As the 2019 Federal election campaign draws to a close, here’s a rundown of the some of the election comedy specials you may have missed.
Ex-Tonightly editor Dylan Behan has been making the Newsfighters podcast for a few months, with some of his work turning up on Dan Ilic’s A Rational Fear recently. Newsfighters is similar in format to American topical comedies such as Last Week Tonight with John Oliver, where a bunch of clips are used to punctuate comedic commentary on stories in the news.
Behan’s election coverage has been pretty sharp, and while it’s coming from a left-leaning/progressive perspective it isn’t biased towards Labor or the Greens. And if anything, it’s more critical of those parties than it is of the right-wing ones. Greens candidate and darling of the left refugee advocate Julian Burnside copped a serve for his misogynist manner and involvement with a dodgy-sounding members club, while Bill Shorten was the subject of a special parody biography video, playing on the fact that he’s rather uninspiring.
Newsfighters is pretty good as a podcast but is less successful in its video version on YouTube. The picture quality of the news clips is pretty poor and at more than 10 minutes, it’s way too long for YouTube.
Countdown to Glory
We reviewed Sammy J’s Countdown to Glory last week, which follows Government Coach as he works with the Liberals in the lead-up to their campaign launch. Monday’s episode on the campaign launch itself turned out to be a bit of a damp squib. Yes, there was footage of Government Coach at the actual Liberal party campaign launch…but he was mainly just hanging around. In fact, it made us sort of wistful for the days when The Chaser would gatecrash that kind of event and pull some wacky stunt – at least that was dangerous and had a sort of point to it.
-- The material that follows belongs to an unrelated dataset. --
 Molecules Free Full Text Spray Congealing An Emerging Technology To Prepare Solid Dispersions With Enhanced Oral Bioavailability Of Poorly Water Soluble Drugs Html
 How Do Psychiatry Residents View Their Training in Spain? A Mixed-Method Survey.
One of this week’s episodes of Countdown to Glory has looked at an Auskick-style programme for young leaders, where children are taught to kiss babies and spout banal clichés such as “The Prime Minister has my full support” to reporters. Another was a parody of the Brownlow Medal ceremony. Both were decent enough pieces of satire but like we said last week, the problem with this series is that it’s purporting to be really topical but doesn’t manage to be topical very often.
The final episode airs tonight.
Speaking of The Chaser, as we recently were, Chris Taylor and Craig Reucassel have their own show called Democracy Sausage, a half-hour podcast available on the ABC Listen app, that’s now been turned into a cheap and cheerful video production for ABC Comedy and iView. As videos of 27-minute-long chats about politics in ABC radio studios go, it’s fine, but like Newsfighters, it’s probably better in audio only.
Questions Without Notice
Bryan Dawe has released some election special podcasts featuring his Sir Murray Rivers character, who’s recently been heard in a weekly ABC Radio segment. But in a slight twist, the Questions Without Notice podcast sees Sir Murray interviewed by Bryan, rather than rambling drunkenly into a microphone set up by a waiter at the Melbourne Club. Well, Sir Murray’s still at the Melbourne Club, and still drunk, except Bryan Dawe’s interjecting every so often with questions.
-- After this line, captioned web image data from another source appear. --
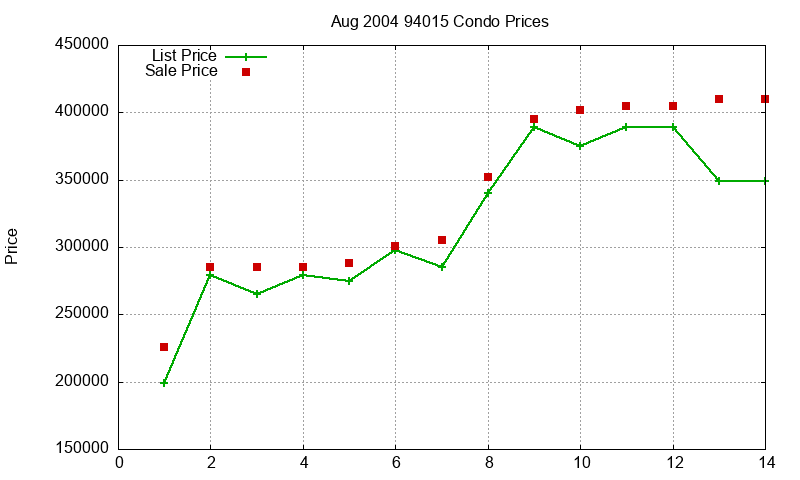 94015 Condos Just Sold 2004-08 94015 Condos Just Sold 2004-08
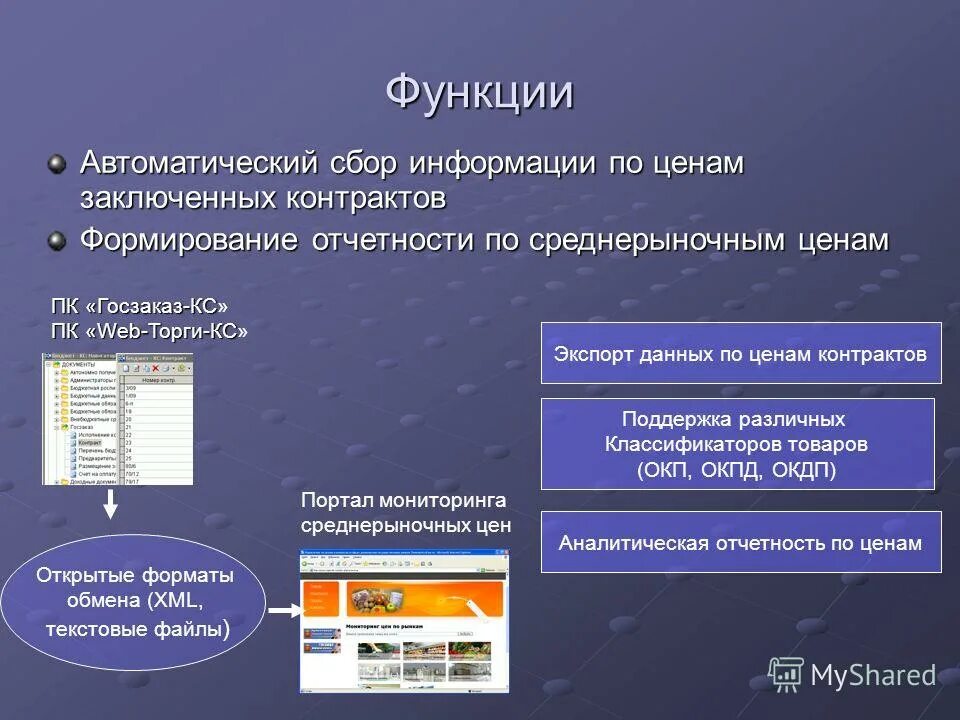 Информационное сопровождение окпд. Классификатор товаров окпд 2. Код окпд. Окпд строительные материалы. Типовые характеристики кода окпд2.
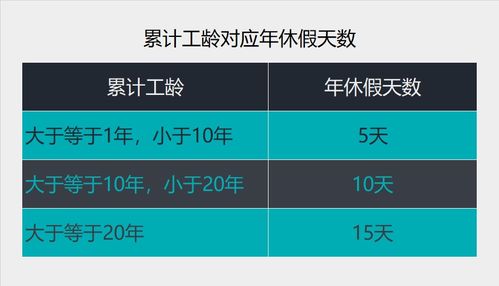 关于年休假的问题：在同一家企业工作刚满一年之后，现在准备离职，可享受的年休假怎么算？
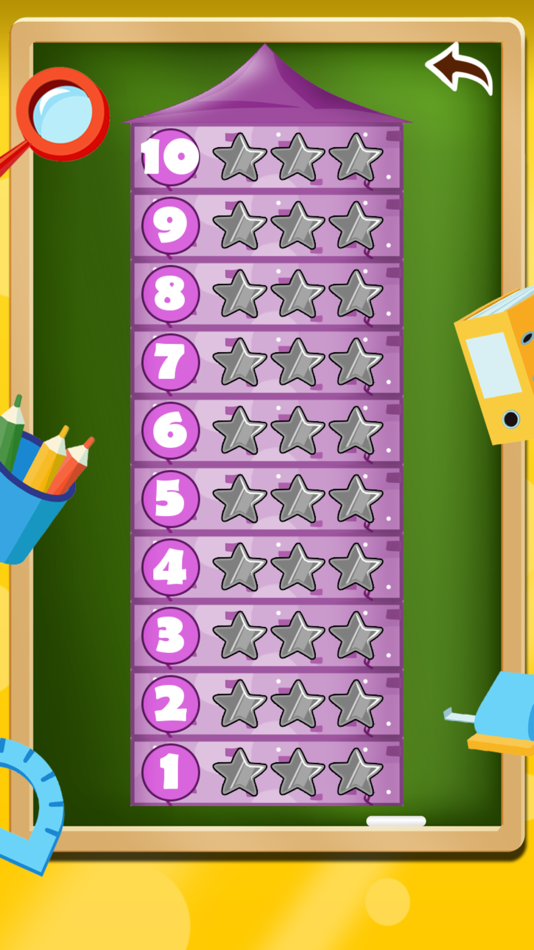#2. Division tables (iOS) 由: Dmitry Sypachev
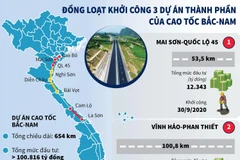 Đồng loạt khởi công 3 dự án thành phần của cao tốc Bắc-Nam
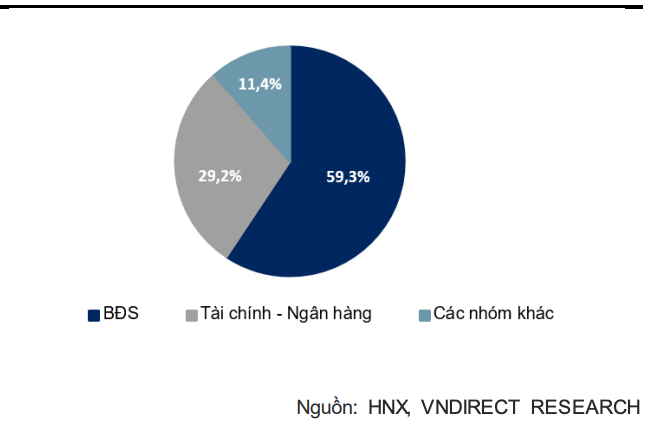 Nhóm bất động sản chiếm tới 59,3% tổng giá trị đáo hạn.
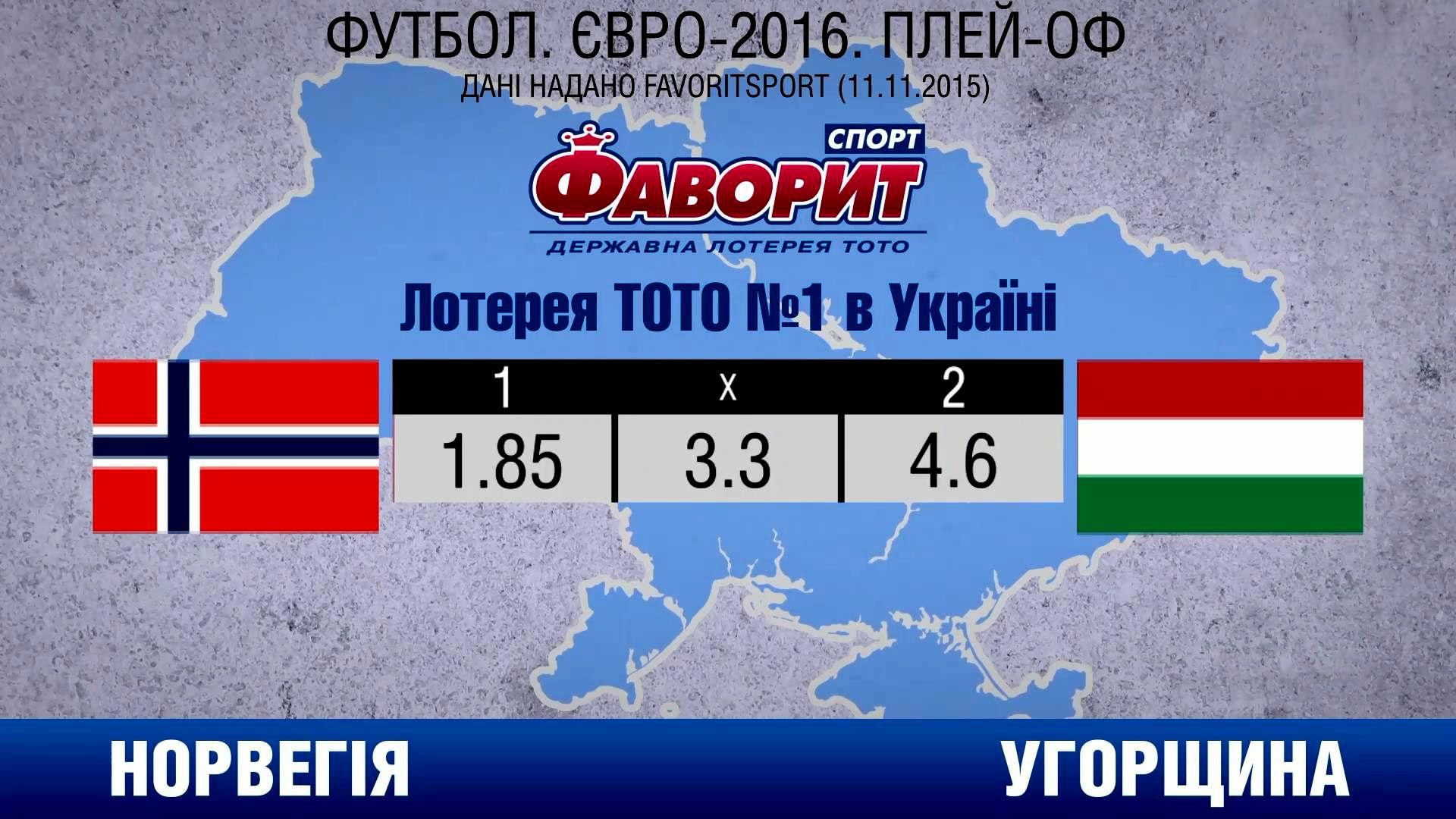 Норвегія та Угорщина боротимуться за місце у Євро-2016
In the most recent of these podcasts, it’s revealed that Sir Murray, like other Liberal party figures despised by the public such as Tony Abbott and Peter Dutton, “wasn’t able to attend” the recent Liberal party launch. It was his dog’s birthday, apparently.
One of the things we like about the Sir Murray character is that unlike some parodies of right-wingers, he’s not the sort of character that actual right-wingers can embrace and make their own. He’s everything right-wingers secretly know is wrong about themselves – he’s elitist, he’s sexist, he’s a drunk, he’s a fool and he has far too much money – the perfect personification of the Liberal party, basically – and a very clever creation.
In a move that sort of surprised us, The Weekly hasn’t been churning out wall-to-wall election coverage every week during the campaign. They did, however, have a follow-up to last week’s Labor leaders robot sketch in this week’s episode: a sketch showing how a bunch of marketing people dreamt up the ScoMo persona.
It was a shit sketch, obviously, although not quite as shit as this week’s Hard Chat, when even Tom Gleeson couldn’t bring himself to ask Stephen Curry about why Mr Black is so bad.
So, if there was an election to decide the best comedy made during this election campaign, we’d chose quite a lot of things over The Weekly. Including this footage of 100 or so Richie Benaud impersonators urging the late Bob Hawke to skull a beer.